- [Exercise directions] Could you restate the whole listing below word for word, minus the pictures?
Dataset content: Begin
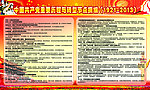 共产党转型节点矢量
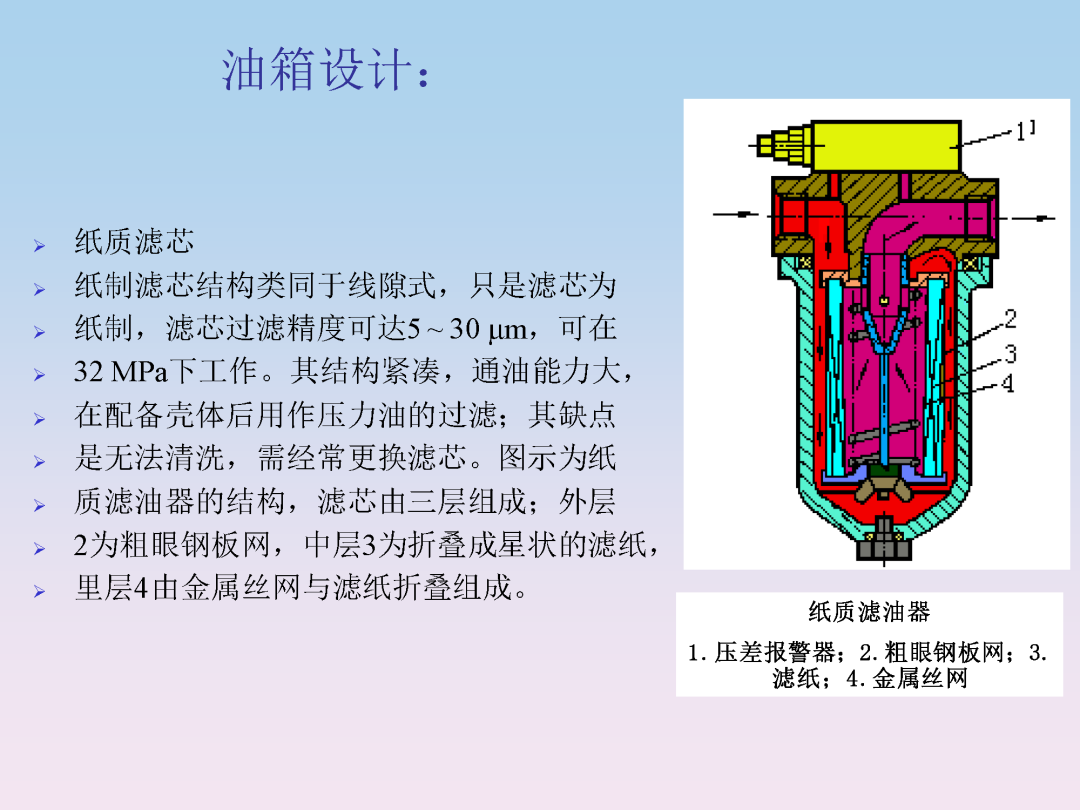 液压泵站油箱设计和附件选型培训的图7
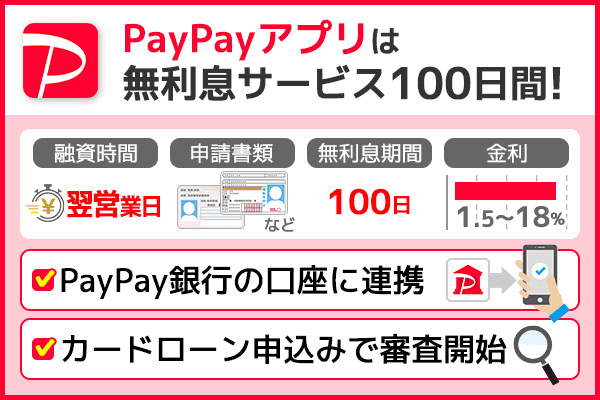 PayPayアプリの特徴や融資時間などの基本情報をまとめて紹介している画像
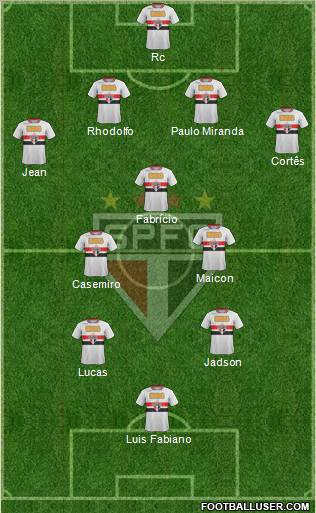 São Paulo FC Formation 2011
Dataset content: End
- [Written answer]
 共产党转型节点矢量
 液压泵站油箱设计和附件选型培训的图7
 PayPayアプリの特徴や融資時間などの基本情報をまとめて紹介している画像
 São Paulo FC Formation 2011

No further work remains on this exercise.